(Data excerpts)
..............................
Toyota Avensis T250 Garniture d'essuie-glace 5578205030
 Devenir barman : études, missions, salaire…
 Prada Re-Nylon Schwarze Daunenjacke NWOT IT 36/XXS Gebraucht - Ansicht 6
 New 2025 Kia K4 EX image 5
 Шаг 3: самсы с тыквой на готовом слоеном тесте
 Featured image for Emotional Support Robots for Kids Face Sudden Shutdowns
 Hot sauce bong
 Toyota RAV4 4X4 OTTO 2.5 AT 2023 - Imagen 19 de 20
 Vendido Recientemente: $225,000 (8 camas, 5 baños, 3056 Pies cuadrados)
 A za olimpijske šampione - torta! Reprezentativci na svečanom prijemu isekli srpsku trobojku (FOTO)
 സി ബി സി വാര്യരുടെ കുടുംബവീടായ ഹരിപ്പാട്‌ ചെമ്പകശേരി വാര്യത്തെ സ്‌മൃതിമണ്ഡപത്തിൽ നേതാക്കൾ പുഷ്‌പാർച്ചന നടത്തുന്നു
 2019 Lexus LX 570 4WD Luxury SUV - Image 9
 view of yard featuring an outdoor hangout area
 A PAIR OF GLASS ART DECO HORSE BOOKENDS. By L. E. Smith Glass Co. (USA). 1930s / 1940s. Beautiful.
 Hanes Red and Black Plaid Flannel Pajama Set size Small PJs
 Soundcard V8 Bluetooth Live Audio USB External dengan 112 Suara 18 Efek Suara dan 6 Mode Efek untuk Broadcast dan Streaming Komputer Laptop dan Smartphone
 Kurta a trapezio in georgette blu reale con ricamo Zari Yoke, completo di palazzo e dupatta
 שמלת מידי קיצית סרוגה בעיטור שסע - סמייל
..............................
* **Task brief**: Output only the lines from the one that contains "Soundcard V8 Bluetooth" through the last line of the data above, each restated exactly.

* **Response to the task**:
 Soundcard V8 Bluetooth Live Audio USB External dengan 112 Suara 18 Efek Suara dan 6 Mode Efek untuk Broadcast dan Streaming Komputer Laptop dan Smartphone
 Kurta a trapezio in georgette blu reale con ricamo Zari Yoke, completo di palazzo e dupatta
 שמלת מידי קיצית סרוגה בעיטור שסע - סמייל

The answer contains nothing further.